▸ **What you should do**: The records must be retyped exactly, with no pictures included.

[Captioned web images]
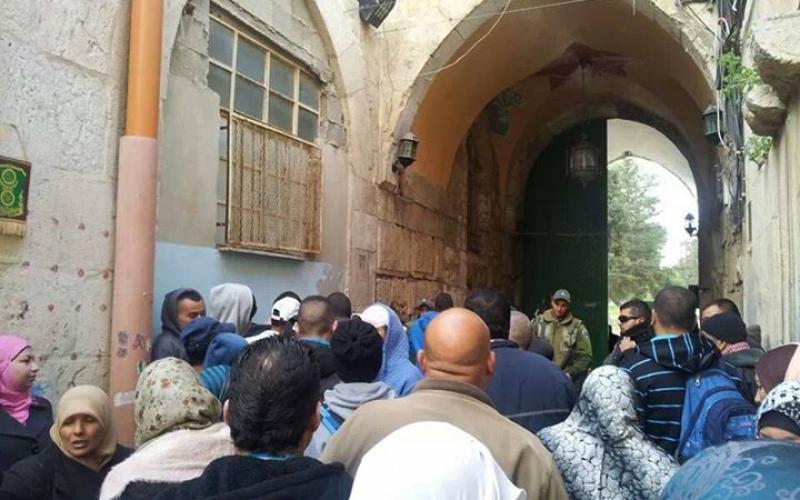 صور: مواجهات عنيفة في باحات الأقصى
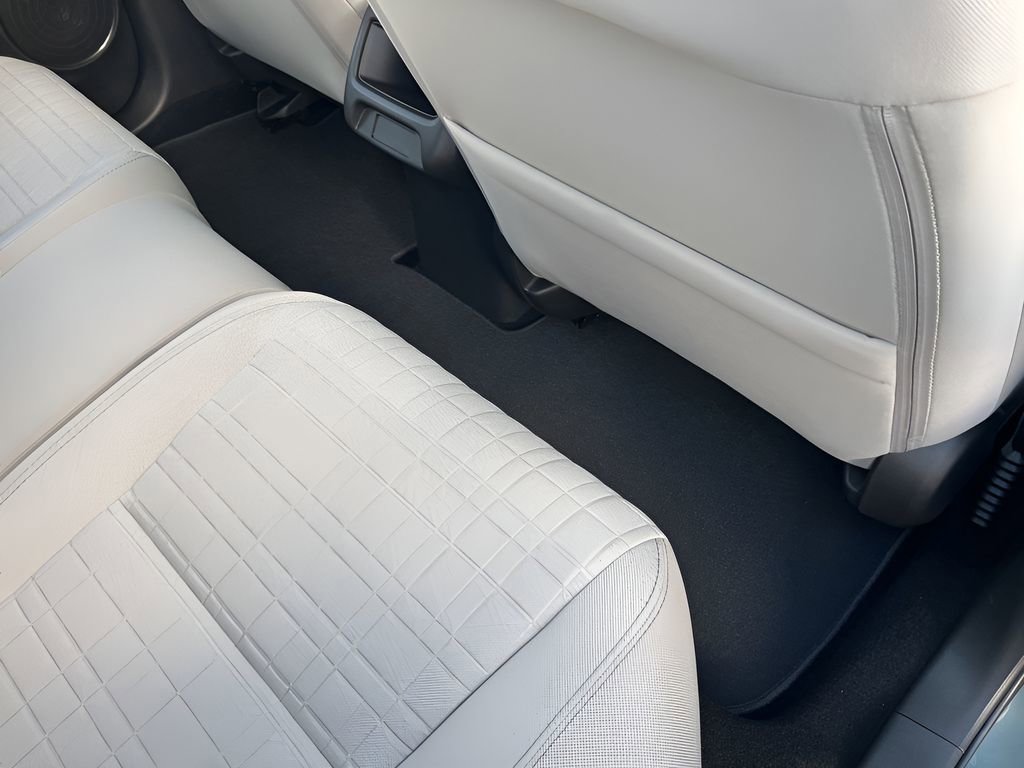 Used 2025 Honda HR-V LX image 27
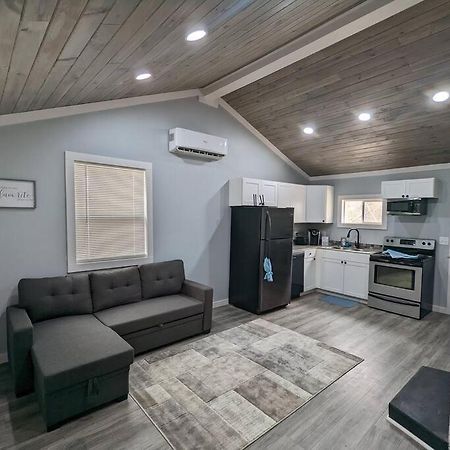 Summerlee Suite - Beautiful Remodeled Farmhouse Oak Hill Exteriör bild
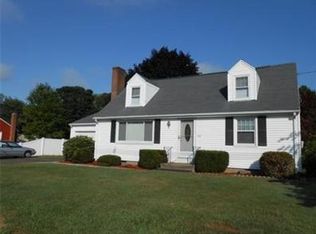 353 River Rd, Agawam, MA 01001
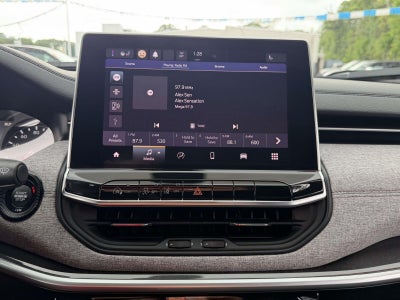 2023 Jeep Compass Latitude Lux FWD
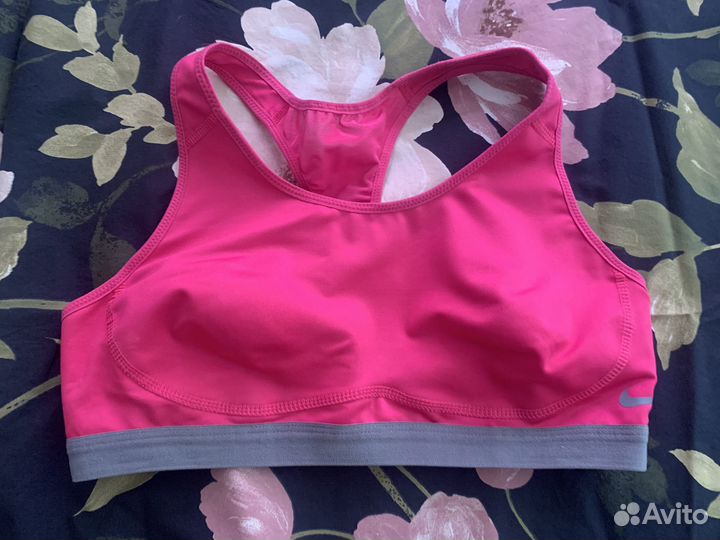 Спортивный лиф Nike, размер М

▸ **Output for this task**:
 صور: مواجهات عنيفة في باحات الأقصى
 Used 2025 Honda HR-V LX image 27
 Summerlee Suite - Beautiful Remodeled Farmhouse Oak Hill Exteriör bild
 353 River Rd, Agawam, MA 01001
 2023 Jeep Compass Latitude Lux FWD
 Спортивный лиф Nike, размер М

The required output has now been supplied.